A majority of Alexandrian tets seem to be of a rather generic nature, mostly with an eagle, otherwise with "someone standing" and occassionally a profile of Zeus. One of the more unusual reverse types appear to be the consecration altar. These are very common for Imperial issues, such as the Claudius II issues that are almost more numerous than the rest of his issues combined. I picked up this Deo Carus tet with a neat consecration altar reverse. Obv: DEW KAPW/CEB. I'm not sure if using a single letter C for the end of KAROC and beginning of CEB is intentional, but it's neat. Rev: A(PH)IEPWCIC. I'm not sure what this is supposed to mean, and google is no help. Could it be something along the lines of "apotheosis?"
There's a musical composition called Aphierosis, translated as 'Dedication'. Fits nicely with your altar. Aphierosis (dedication) By Theodore Antoniou - Score Sheet Music For - Buy Print Music S5.SR1068 | Sheet Music Plus
In two places online I found a notation that "AΦIЄPⲰCIC" = Consecratio. BTW: I believe your coin is Emmett 3995 & Milne 4733.
cool! found a different composition on Youtube https://www.cointalk.com/threads/deo-carus-tetradrachm.388343/#post-7976612 Greek guitar music is something I've never heard before. Pretty cool stuff
Good sleuthing. Best I could find is "apheresis," which has rather nothing to do with the situation at hand
The song I linked to is on Spotify. I don't know how to link that, though... Either way, you're reverse mystery is solved.

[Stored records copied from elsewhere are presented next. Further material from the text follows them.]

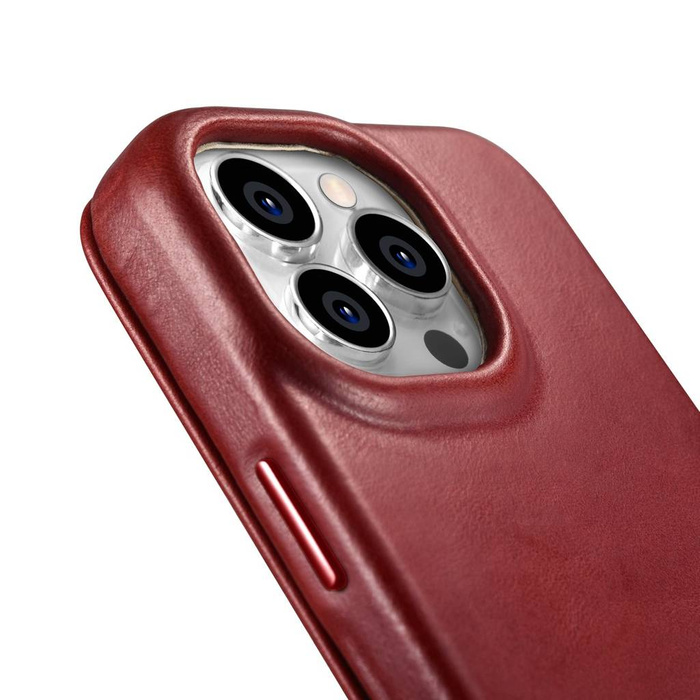 iCarer CE Oil Wax Premium Leather Folio Case Étui en cuir pour iPhone 14 Pro Flip magnétique MagSafe Rouge (AKI14220706-RD)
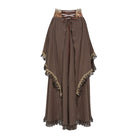 DEVIL FASHION Women's Gothic Ruffle Rose Irregular Hem Skirt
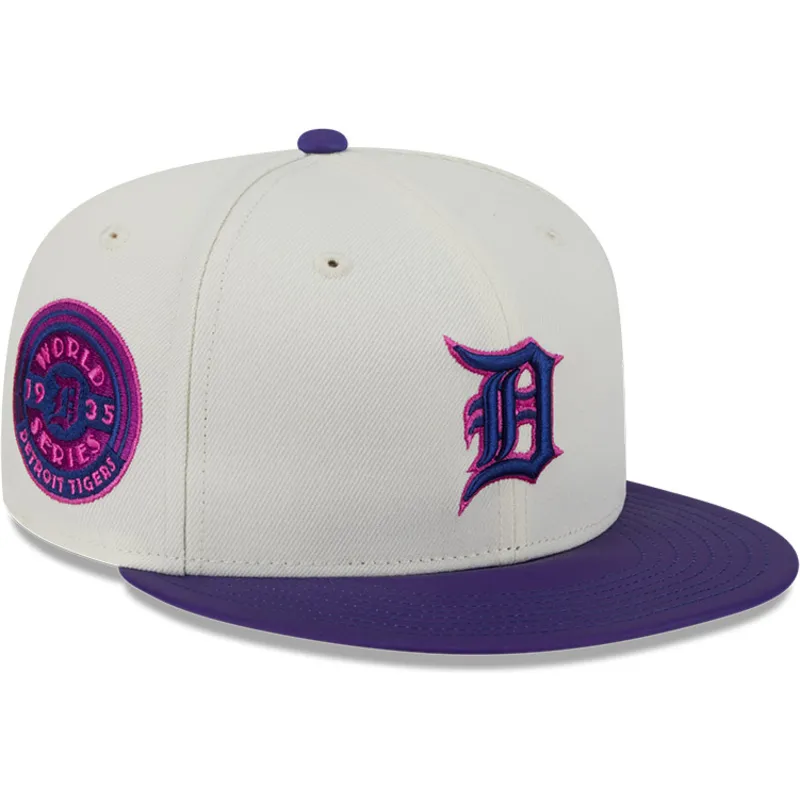 cappello-piatto-beige-e-viola-aderente-59fifty-clr-dvlp-di-detroit-tigers-mlb-di-new-era
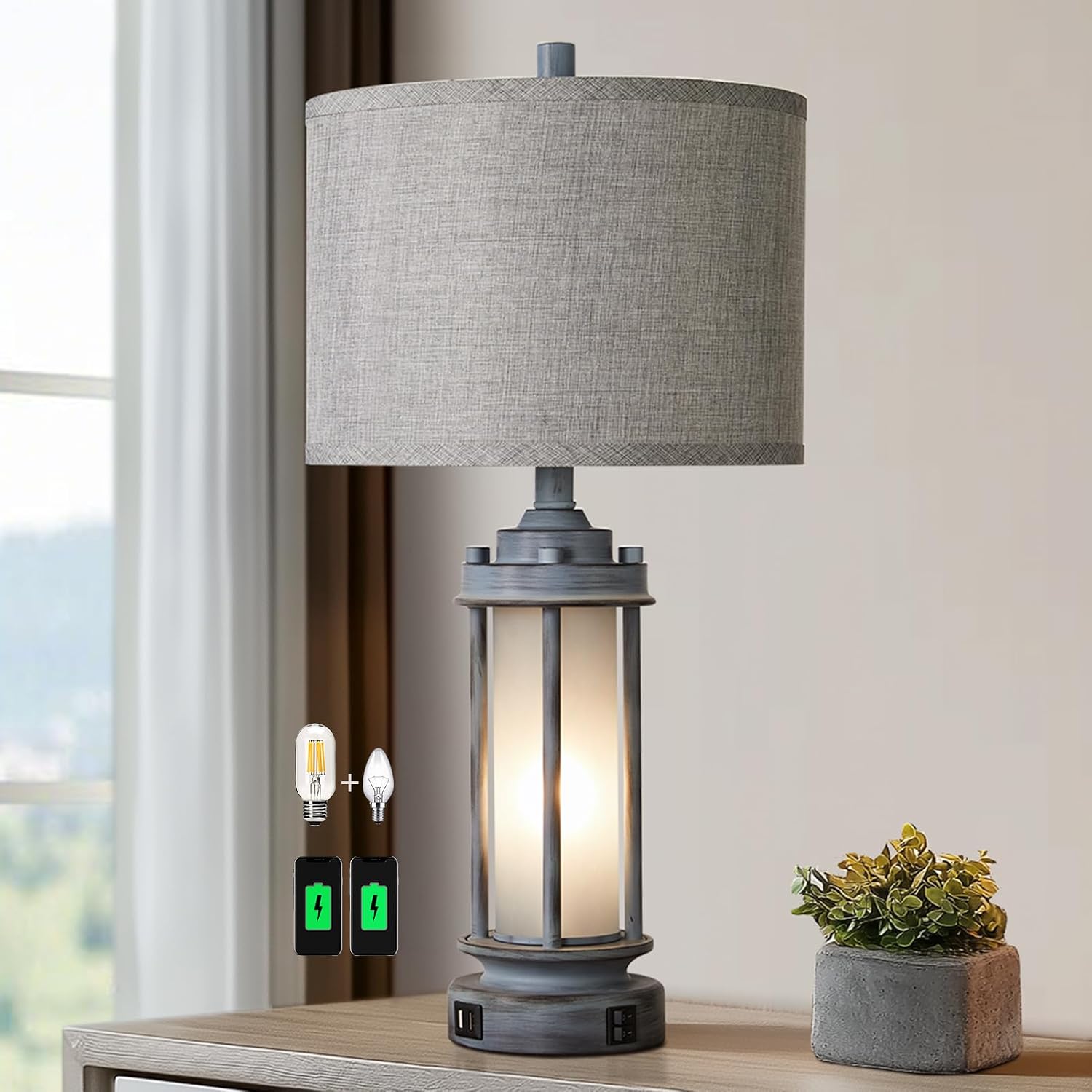 Aieampdo Rustic Table Lamp for Bedroom Living Room with 2 USB Ports, Farmhouse Vintage Nightstand Lamp 25'' with Light Green Glass Nightlig…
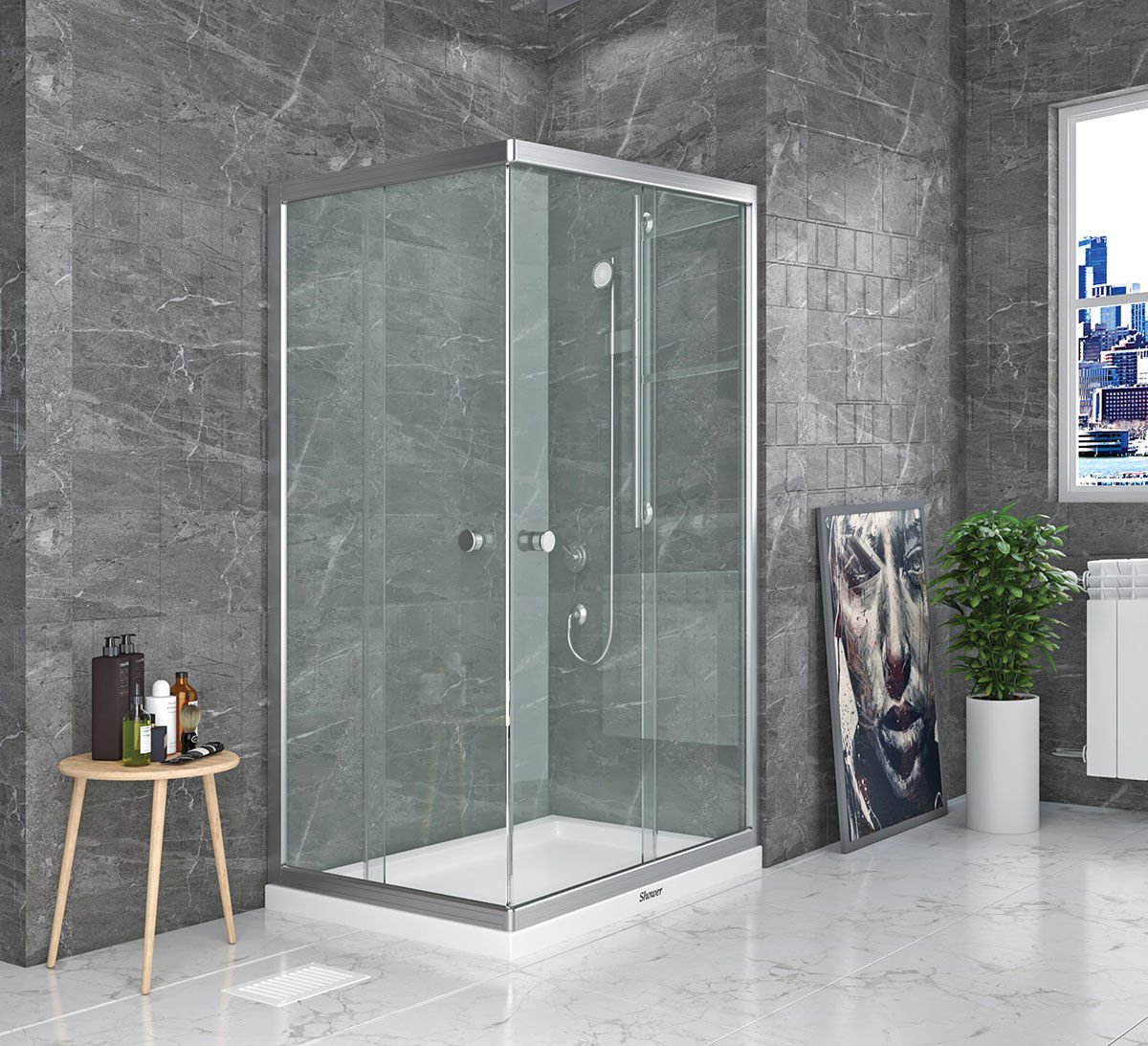 Shower Neptün 80x90 2 Sabit 2 Çalışır Dikdörtgen Tekne Üzeri Kabin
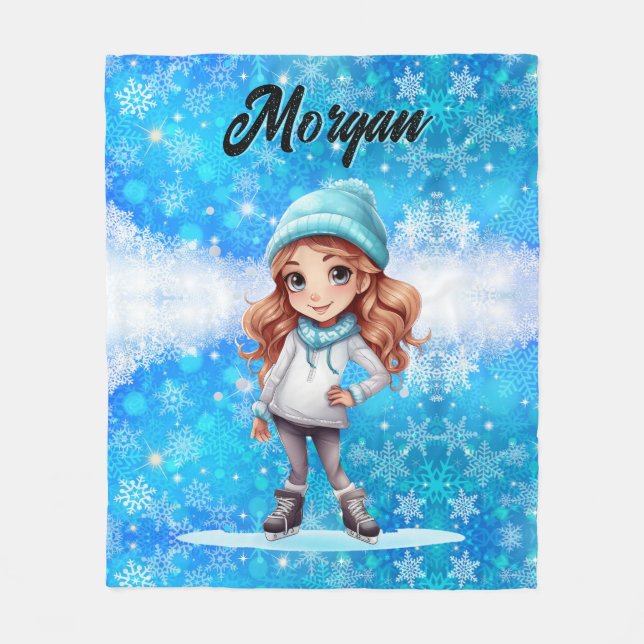 Girls Winter Ice Skate Figure Skate Snowflake Fleece Blanket (Front)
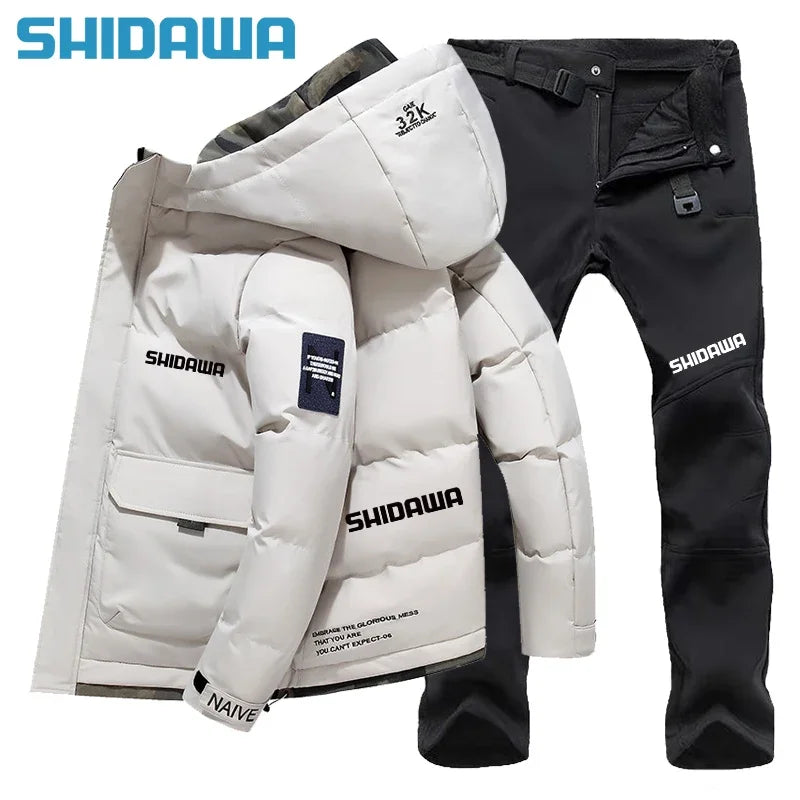 New Men suit Autumn Winter Warm Fishing Clothes Set Casual Thickened Hooded Down Cotton Jacket + Fleece Waterproof Fishing Pants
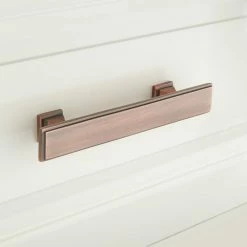 Signature Hardware Dreesa 7/8 x 6-1/8 in. Brass Cabinet Pull in Antique Brass
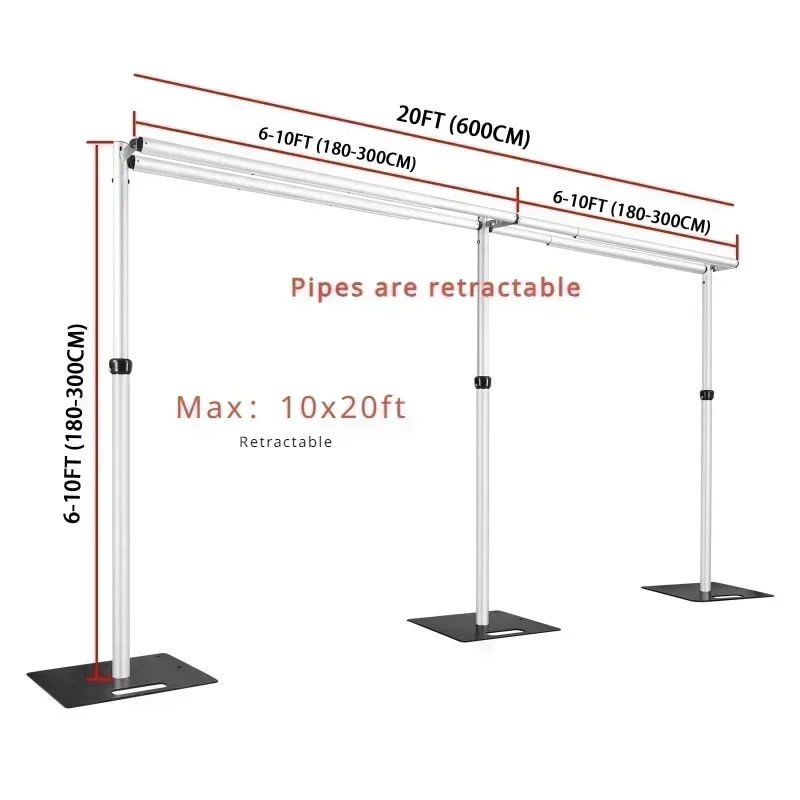 3x6M stabile cornice in alluminio drappeggio fondale per decorazioni per matrimoni e feste di compleanno, fondale fotografico regolabile per fioriera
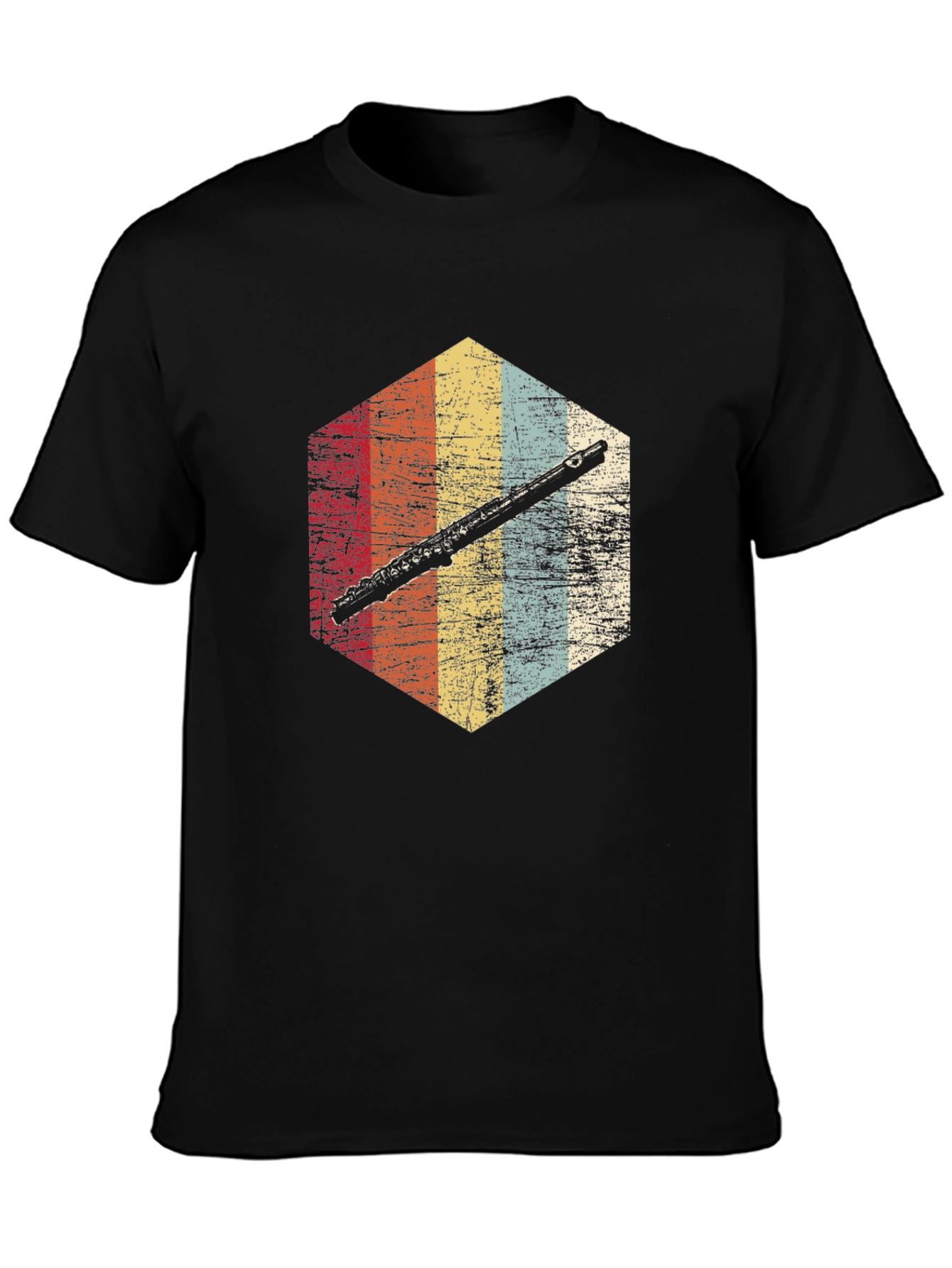 Retro Flute Graphic Tee - Musician Style Shirt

It is a grammar thing. The legend reads "(dedicated) to the divine Carus" in the dative rather than the usual nominative "Carus" as found on regular, lifetime coins. The first letter is a theta with the Greek being closer to 'god' than the Latin Divus would be. This also comes with an Eagle. To me, the oddball one is Antoninus Pius with nominative on the obverse but dative DIVO PIO on the reverse.